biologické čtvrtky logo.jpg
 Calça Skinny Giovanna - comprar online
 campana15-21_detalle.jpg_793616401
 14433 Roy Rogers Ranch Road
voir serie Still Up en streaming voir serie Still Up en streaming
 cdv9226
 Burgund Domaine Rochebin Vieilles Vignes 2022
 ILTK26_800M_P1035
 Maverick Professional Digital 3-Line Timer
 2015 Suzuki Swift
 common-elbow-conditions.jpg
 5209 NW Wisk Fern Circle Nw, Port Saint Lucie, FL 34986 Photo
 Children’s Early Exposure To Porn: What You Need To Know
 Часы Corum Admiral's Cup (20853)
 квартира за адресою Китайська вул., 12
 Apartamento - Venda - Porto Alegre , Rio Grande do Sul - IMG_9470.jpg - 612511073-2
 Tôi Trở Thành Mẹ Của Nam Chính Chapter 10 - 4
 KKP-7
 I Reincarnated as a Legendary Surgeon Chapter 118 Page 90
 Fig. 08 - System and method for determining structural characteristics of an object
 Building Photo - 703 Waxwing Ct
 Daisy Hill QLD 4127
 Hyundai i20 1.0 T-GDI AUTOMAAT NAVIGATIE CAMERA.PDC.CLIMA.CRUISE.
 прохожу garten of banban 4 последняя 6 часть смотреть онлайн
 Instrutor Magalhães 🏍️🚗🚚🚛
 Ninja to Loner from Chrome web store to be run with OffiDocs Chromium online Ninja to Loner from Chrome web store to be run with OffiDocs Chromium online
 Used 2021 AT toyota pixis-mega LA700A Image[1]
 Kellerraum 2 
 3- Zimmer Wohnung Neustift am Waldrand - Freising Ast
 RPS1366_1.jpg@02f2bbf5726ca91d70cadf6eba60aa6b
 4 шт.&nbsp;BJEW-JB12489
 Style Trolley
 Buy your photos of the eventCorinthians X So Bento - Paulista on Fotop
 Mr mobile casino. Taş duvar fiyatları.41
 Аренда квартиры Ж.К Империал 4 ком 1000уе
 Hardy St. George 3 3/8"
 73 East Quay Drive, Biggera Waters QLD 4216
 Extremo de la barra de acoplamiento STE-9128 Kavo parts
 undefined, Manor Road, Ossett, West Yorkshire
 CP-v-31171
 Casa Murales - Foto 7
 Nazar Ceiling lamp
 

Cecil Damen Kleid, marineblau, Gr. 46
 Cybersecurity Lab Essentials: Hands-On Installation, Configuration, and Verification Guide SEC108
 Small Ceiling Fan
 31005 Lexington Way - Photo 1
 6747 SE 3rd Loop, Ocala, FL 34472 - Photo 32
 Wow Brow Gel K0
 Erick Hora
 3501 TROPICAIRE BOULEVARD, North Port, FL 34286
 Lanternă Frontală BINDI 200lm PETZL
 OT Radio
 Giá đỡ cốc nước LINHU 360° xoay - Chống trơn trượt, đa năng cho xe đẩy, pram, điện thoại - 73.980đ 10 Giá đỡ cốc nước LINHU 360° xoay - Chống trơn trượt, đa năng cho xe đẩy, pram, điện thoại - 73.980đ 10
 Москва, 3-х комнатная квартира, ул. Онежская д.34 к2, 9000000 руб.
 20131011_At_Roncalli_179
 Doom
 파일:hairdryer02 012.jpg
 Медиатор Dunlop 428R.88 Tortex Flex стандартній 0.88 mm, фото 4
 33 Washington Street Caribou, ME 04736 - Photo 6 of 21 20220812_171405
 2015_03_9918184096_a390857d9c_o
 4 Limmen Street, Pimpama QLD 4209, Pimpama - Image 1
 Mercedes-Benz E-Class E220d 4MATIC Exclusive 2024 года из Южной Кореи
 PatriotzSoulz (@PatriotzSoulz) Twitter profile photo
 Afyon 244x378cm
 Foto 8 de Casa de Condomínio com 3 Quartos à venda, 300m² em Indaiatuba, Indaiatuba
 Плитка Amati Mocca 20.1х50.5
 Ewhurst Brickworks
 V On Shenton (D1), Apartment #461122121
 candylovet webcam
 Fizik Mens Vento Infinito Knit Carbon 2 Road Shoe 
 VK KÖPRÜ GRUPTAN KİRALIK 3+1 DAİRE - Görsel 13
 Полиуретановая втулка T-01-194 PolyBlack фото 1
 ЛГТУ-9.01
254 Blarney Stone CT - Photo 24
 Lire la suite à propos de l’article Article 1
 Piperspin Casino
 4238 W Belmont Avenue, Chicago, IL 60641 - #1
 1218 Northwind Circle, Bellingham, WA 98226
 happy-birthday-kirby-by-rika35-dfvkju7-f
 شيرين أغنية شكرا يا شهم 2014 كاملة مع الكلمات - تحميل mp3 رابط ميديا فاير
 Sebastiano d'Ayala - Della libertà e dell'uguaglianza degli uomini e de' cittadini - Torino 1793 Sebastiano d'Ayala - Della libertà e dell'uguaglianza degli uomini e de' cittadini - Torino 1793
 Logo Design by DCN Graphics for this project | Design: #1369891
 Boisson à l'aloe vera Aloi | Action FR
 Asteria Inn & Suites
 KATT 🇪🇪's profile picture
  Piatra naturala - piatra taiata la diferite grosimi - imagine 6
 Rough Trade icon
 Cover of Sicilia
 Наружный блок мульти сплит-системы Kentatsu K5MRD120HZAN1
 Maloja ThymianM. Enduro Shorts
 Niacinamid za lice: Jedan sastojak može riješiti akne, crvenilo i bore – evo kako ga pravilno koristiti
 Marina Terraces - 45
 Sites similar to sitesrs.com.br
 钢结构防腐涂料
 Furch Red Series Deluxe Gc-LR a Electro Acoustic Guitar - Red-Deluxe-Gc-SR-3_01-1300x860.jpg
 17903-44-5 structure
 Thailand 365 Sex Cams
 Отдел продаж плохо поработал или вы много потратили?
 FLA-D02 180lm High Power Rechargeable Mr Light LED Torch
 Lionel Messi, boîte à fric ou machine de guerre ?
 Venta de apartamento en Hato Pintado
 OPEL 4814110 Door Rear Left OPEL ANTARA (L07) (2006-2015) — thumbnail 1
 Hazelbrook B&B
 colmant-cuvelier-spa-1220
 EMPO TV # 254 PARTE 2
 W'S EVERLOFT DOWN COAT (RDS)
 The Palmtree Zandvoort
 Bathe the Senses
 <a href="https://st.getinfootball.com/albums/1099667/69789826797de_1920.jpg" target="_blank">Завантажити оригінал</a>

☆ ☆ ☆ ☆ ☆

[Task to complete] Through the line that contains "73.980đ 10 Giá", copy the material above exactly, beginning at its first line and including nothing more.

[Result]
biologické čtvrtky logo.jpg
 Calça Skinny Giovanna - comprar online
 campana15-21_detalle.jpg_793616401
 14433 Roy Rogers Ranch Road
voir serie Still Up en streaming voir serie Still Up en streaming
 cdv9226
 Burgund Domaine Rochebin Vieilles Vignes 2022
 ILTK26_800M_P1035
 Maverick Professional Digital 3-Line Timer
 2015 Suzuki Swift
 common-elbow-conditions.jpg
 5209 NW Wisk Fern Circle Nw, Port Saint Lucie, FL 34986 Photo
 Children’s Early Exposure To Porn: What You Need To Know
 Часы Corum Admiral's Cup (20853)
 квартира за адресою Китайська вул., 12
 Apartamento - Venda - Porto Alegre , Rio Grande do Sul - IMG_9470.jpg - 612511073-2
 Tôi Trở Thành Mẹ Của Nam Chính Chapter 10 - 4
 KKP-7
 I Reincarnated as a Legendary Surgeon Chapter 118 Page 90
 Fig. 08 - System and method for determining structural characteristics of an object
 Building Photo - 703 Waxwing Ct
 Daisy Hill QLD 4127
 Hyundai i20 1.0 T-GDI AUTOMAAT NAVIGATIE CAMERA.PDC.CLIMA.CRUISE.
 прохожу garten of banban 4 последняя 6 часть смотреть онлайн
 Instrutor Magalhães 🏍️🚗🚚🚛
 Ninja to Loner from Chrome web store to be run with OffiDocs Chromium online Ninja to Loner from Chrome web store to be run with OffiDocs Chromium online
 Used 2021 AT toyota pixis-mega LA700A Image[1]
 Kellerraum 2 
 3- Zimmer Wohnung Neustift am Waldrand - Freising Ast
 RPS1366_1.jpg@02f2bbf5726ca91d70cadf6eba60aa6b
 4 шт.&nbsp;BJEW-JB12489
 Style Trolley
 Buy your photos of the eventCorinthians X So Bento - Paulista on Fotop
 Mr mobile casino. Taş duvar fiyatları.41
 Аренда квартиры Ж.К Империал 4 ком 1000уе
 Hardy St. George 3 3/8"
 73 East Quay Drive, Biggera Waters QLD 4216
 Extremo de la barra de acoplamiento STE-9128 Kavo parts
 undefined, Manor Road, Ossett, West Yorkshire
 CP-v-31171
 Casa Murales - Foto 7
 Nazar Ceiling lamp
 

Cecil Damen Kleid, marineblau, Gr. 46
 Cybersecurity Lab Essentials: Hands-On Installation, Configuration, and Verification Guide SEC108
 Small Ceiling Fan
 31005 Lexington Way - Photo 1
 6747 SE 3rd Loop, Ocala, FL 34472 - Photo 32
 Wow Brow Gel K0
 Erick Hora
 3501 TROPICAIRE BOULEVARD, North Port, FL 34286
 Lanternă Frontală BINDI 200lm PETZL
 OT Radio
 Giá đỡ cốc nước LINHU 360° xoay - Chống trơn trượt, đa năng cho xe đẩy, pram, điện thoại - 73.980đ 10 Giá đỡ cốc nước LINHU 360° xoay - Chống trơn trượt, đa năng cho xe đẩy, pram, điện thoại - 73.980đ 10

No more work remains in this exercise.